Merci pour ton message. ^^ En fait, j'adore les possibilités énormes de création qu'offre l'écriture. Le pire, c'est que je ne m'en suis rendu compte que récemment, et que ça m'inspire vraiment (j'écris ces nouvelles de manière très naturelle, sans "forcer", et j'y prends beaucoup de plaisir).

Du coup, je compte essayer un peu de tout. Par exemple, j'adorerais faire un huis clos. Je suis tombé amoureux du fantastique et de la science-fiction, aussi. Ça ne me dérangerait pas de faire des trucs complètement expérimentaux, dans le genre Oulipo. Ça m'amuserait d'écrire et de créer des univers et des histoires un peu délires, complètement loufoques et qui partiraient en cacahuètes à la première occaz' sans tomber dans la caricature parodique bas de gamme à la Scary Movie, voire pire, Spartatouille. Non, plus un truc dans le genre Monty Python, mais à l'écrit, en fait. Je n'aimerais pas rester dans un seul et unique genre et faire tout le temps la même chose. Ça m'ennuierait.
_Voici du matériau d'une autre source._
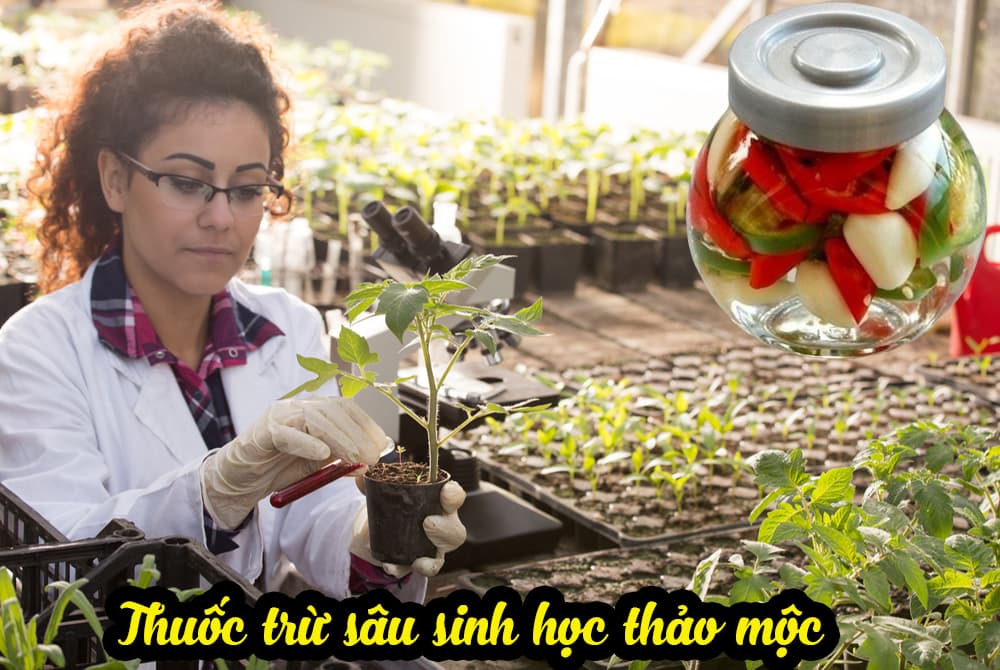 Thuốc trừ sâu sinh học là gì? Các loại thuốc trừ sâu sinh học hiện nay 2 Thuốc trừ sâu sinh học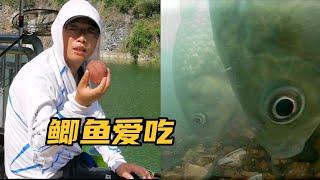 水庫鯽魚如何釣？用上這種方法，誘魚效果好留魚又持久還不鬧小魚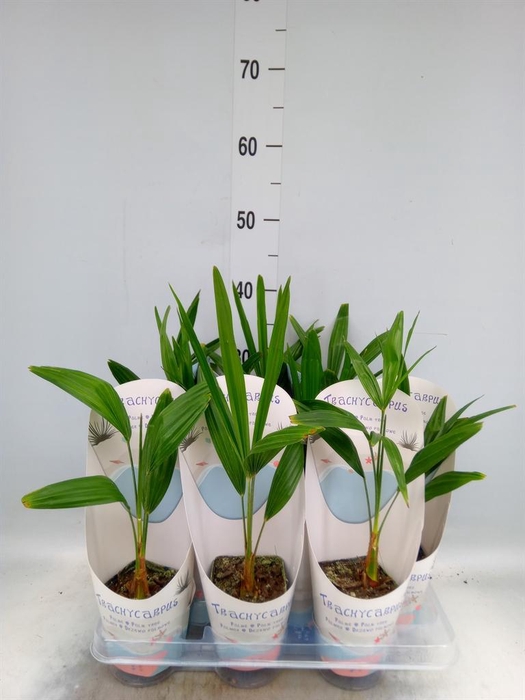 <h4>Trachycarpus fortunei</h4>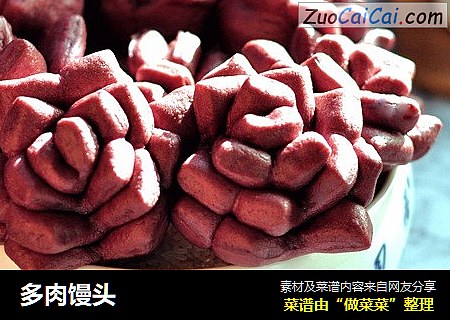 多肉馒头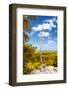 ¡Viva Mexico! Collection - Tree in the Mexican Jungle II - Calakmul-Philippe Hugonnard-Framed Photographic Print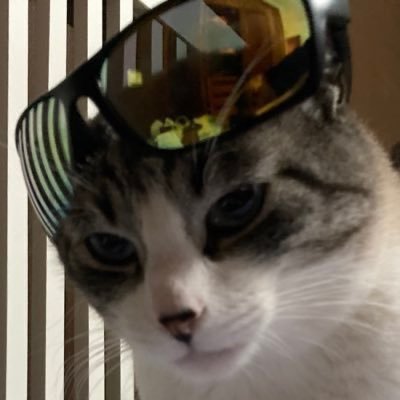 tomasmartg's profile image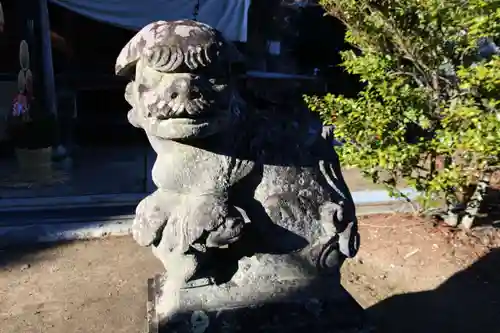 油井神社の狛犬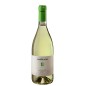 LANGHE DOC ARNEIS '23 CL 75 DAMILANO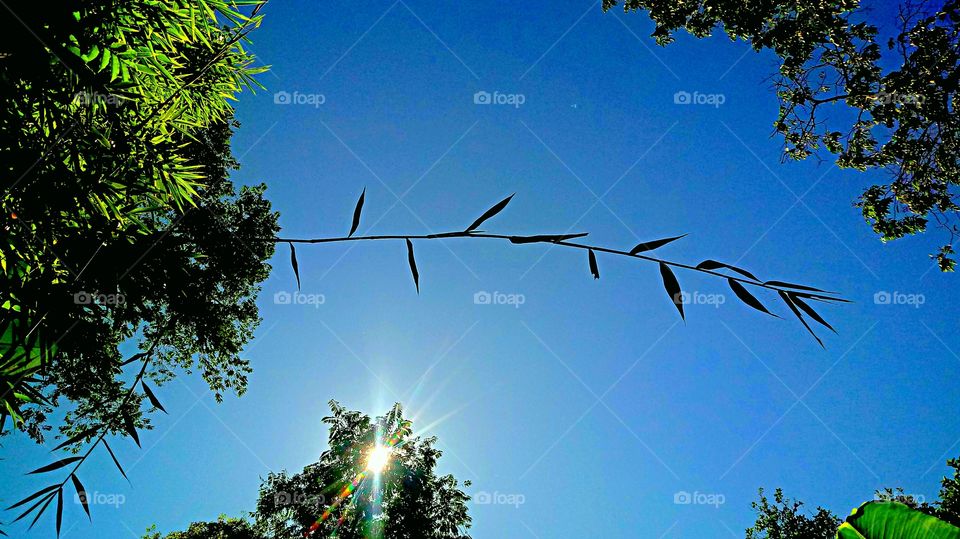 Walking through in the countryside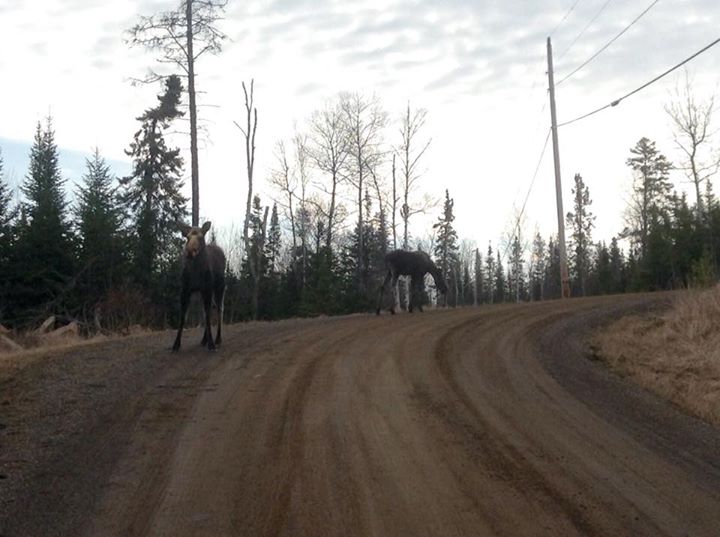Gunflint Trail Moose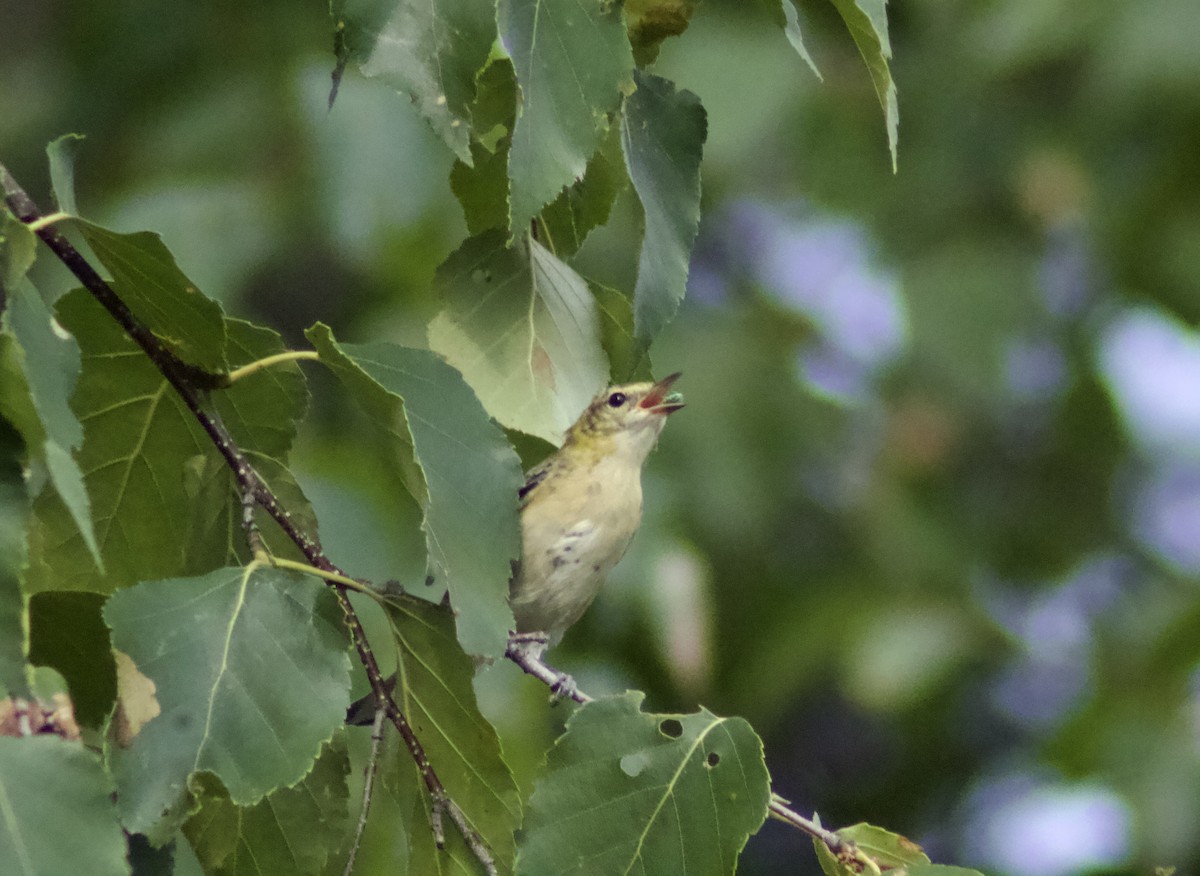 Bay-breasted Warbler - ML622111674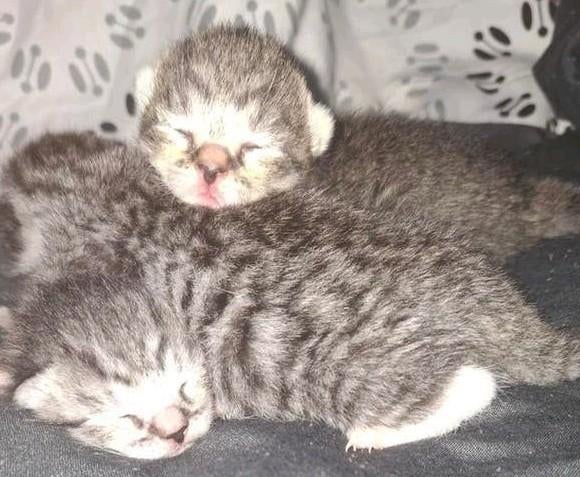 Huiselijke kittens, Meerdere dieren, Ontwormd, 0 tot 2 jaar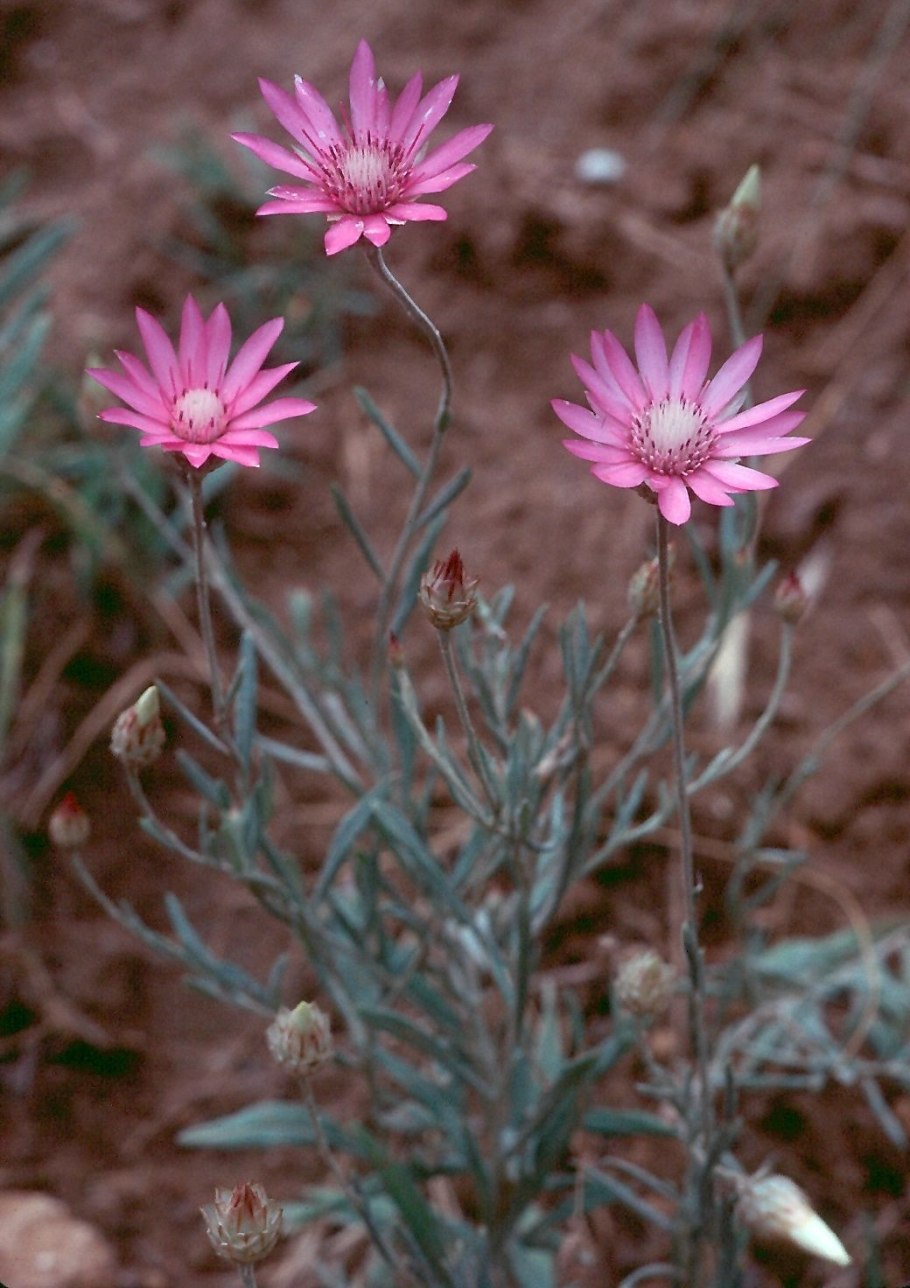 Сухоцветник Ксерантемум однолетний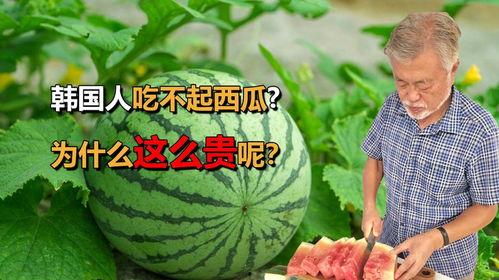 别人的瓜吃不起,揭秘“吃不起别人瓜”背后的社会现象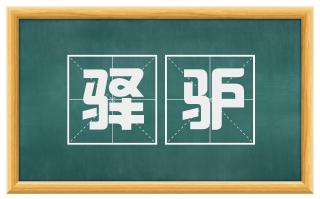 驿驴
Donc oui, les deux histoires sont dans un registre un peu psychologie dramatique, et j'aime beaucoup ça, mais je ne pense pas écrire que ça, loin de là. Par exemple, ma première nouvelle avait des airs de fantastique alors que j'ai essayé d'insérer des éléments de thriller dans la seconde. Par contre, j'ai remarqué que le thème de la folie m'obsède… (Je ne sais pas si c'est le combo Saya no Uta + American Horror Story qui a joué un rôle là-dedans ; mais j'aurais tendance à dire oui au moins pour le premier, qui est une œuvre de haute volée et qui m'a marqué durablement pour la violence psychologique de son univers.)